Fukushima workers sue Tepco over unpaid wages, reliance on contractors
A group of Fukushima workers have sued Tokyo Electric for unpaid wages in a potentially precedent-setting legal challenge to the utility and its reliance on contractors to shut down a nuclear plant destroyed by the industry's worst accident since Chernobyl.
The lawsuit follows a court ruling last week that the utility known as Tepco must pay compensation over the suicide of a woman who was forced from her home following the March 2011 tsunami and subsequent meltdowns at the Fukushima Daiichi power plant north of Tokyo.
The spate of legal activity is the latest blow for Tepco, which has been effectively nationalised and expects to spend more than $48bon in compensation alone for the disaster that forced the evacuation of some 160,000 residents.
The lawsuit, filed by two current and two former Fukushima workers who wore masks to court to conceal their identities, claims that Tokyo Electric Power Co Inc and its contractors failed to ensure workers are paid promised hazard allowances, a court filing showed.
"A year ago, Prime Minister (Shinzo) Abe told the world that Fukushima was under control. But that's not the case," Tsuguo Hirota, the lawyer coordinating the lawsuit, said in an interview.
"Workers are not getting promised hazard pay and skilled workers are leaving. It's becoming a place for amateurs only, and that has to worry anyone who lives near the plant."
The workers say Tokyo Electric allowed subcontractors to skim funds allocated for wages to bolster their own profits on the decommissioning project at the expense of workers.
The lawsuit seeks the equivalent of almost $600,000 in unpaid wages from Tokyo Electric and related contractors. It marks the first time that the utility has been sued for the labour practices of the construction companies it employs.
The lawsuit also asks that the 6,000 workers at the nuclear clean-up project either be made effectively government employees, be put on the Tepco payroll directly or otherwise be fairly paid.
Hirota said he expects two additional workers will join the action immediately and that more could follow. Japanese law allows for additional plaintiffs with related claims to join an existing lawsuit.
Tokyo Electric said it had not yet received a copy of the compliant and would respond after seeing the details.
The lawsuit was filed on Wednesday morning by Hirota, the four plaintiffs and a group of supporters at a branch of Fukushima court in Iwaki, about 60 km (36 miles) south of the wrecked nuclear plant.
The plaintiffs have asked to go unnamed out of fear of reprisals from their employers. Fukushima workers say they have been cautioned against speaking to the media or others about work conditions and told they could be fired for doing so.

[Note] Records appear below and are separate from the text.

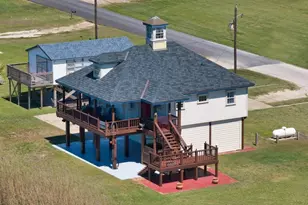 203 Francis Cove, Surfside Beach, TX 77541 - Photo 35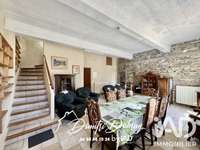 Vente maison 7 pièces Vente maison 7 pièces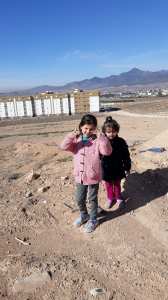 اجمل فترة حياة الانسان هي الطفولة الاولى.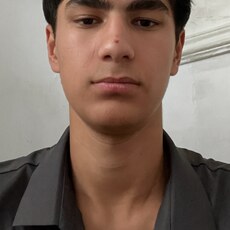 Фотография мужчины Abubakr, 18 лет из г. Махачкала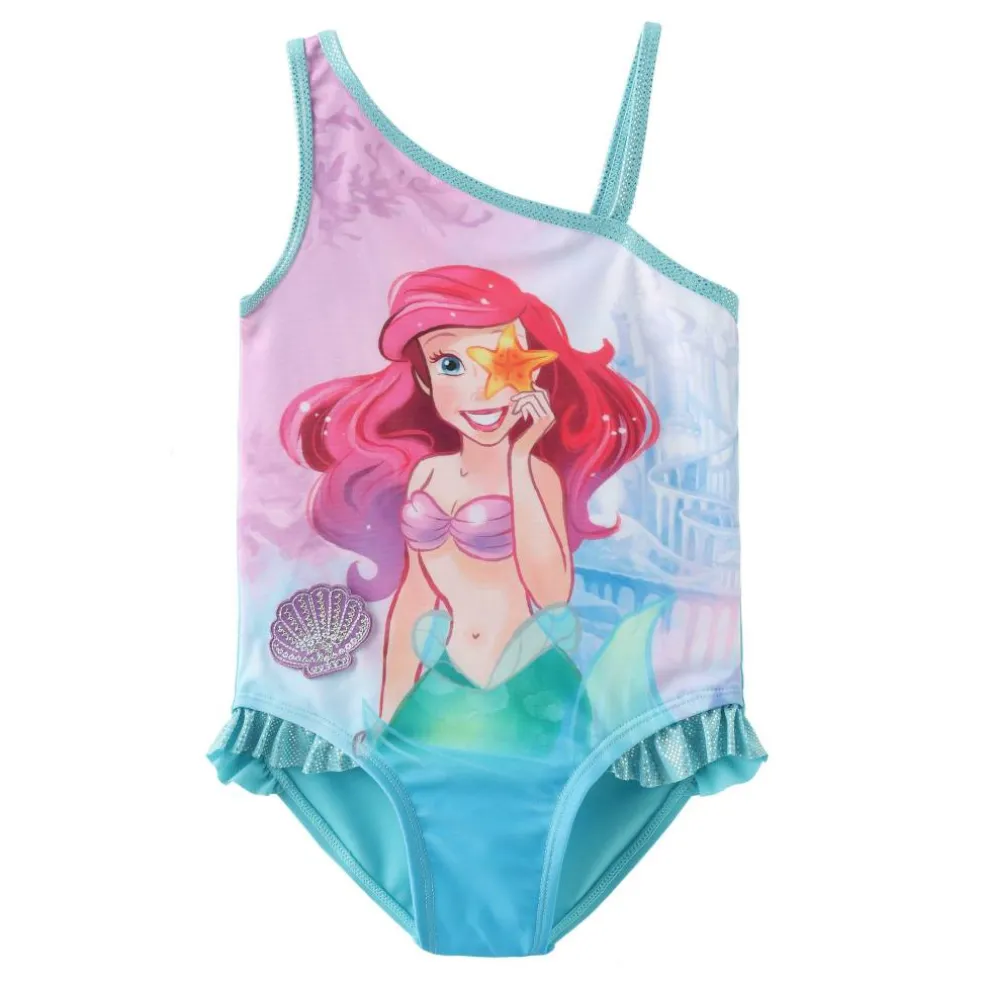One Piece Swimsuit Juniors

The plaintiffs were surrounded by a small group of supporters who also wore masks to make the identification of the workers more difficult.
Tokyo Electric said in November last year that it would double the allocation for hazard pay to workers at Fukushima to $200 per day. At the time, the utility was under intense scrutiny because of its failure to control the flow of water pouring through the mangled reactor basements, where it becomes contaminated with radiation and then leaks into the Pacific Ocean.
The utility has also declined to disclose details of contractors that employ some 6,000 workers at the Fukushima plant, citing the private nature of those contracts. It has said it relies on its contractors to enforce labour standards and safety practices.
Some 800 companies are active in the project to decommission the Fukushima reactor. The workers at the site are clearing debris, building tanks to store radioactive water and building a frozen berm of soil intended to contain groundwater and keep it from becoming contaminated.
The project is expected to take decades and will conclude when the melted fuel is removed from three of the reactors on the site that suffered meltdowns.
In addition to Tepco, the lawsuit names several listed subcontractors that it seeks to hold liable for "shared illegal conduct." Those include Taihei Dengyo Kaisha Ltd and Kajima Corp. Tokyo Power Technologies, a subsidiary of Tepco, is also named in the lawsuit.
Taihei Dengyo and Kajima said they had not yet confirmed the facts of the lawsuit.
Shares of Tepco were down 0.3pc in Tokyo, underperforming a 0.6 percent rise in the broader market.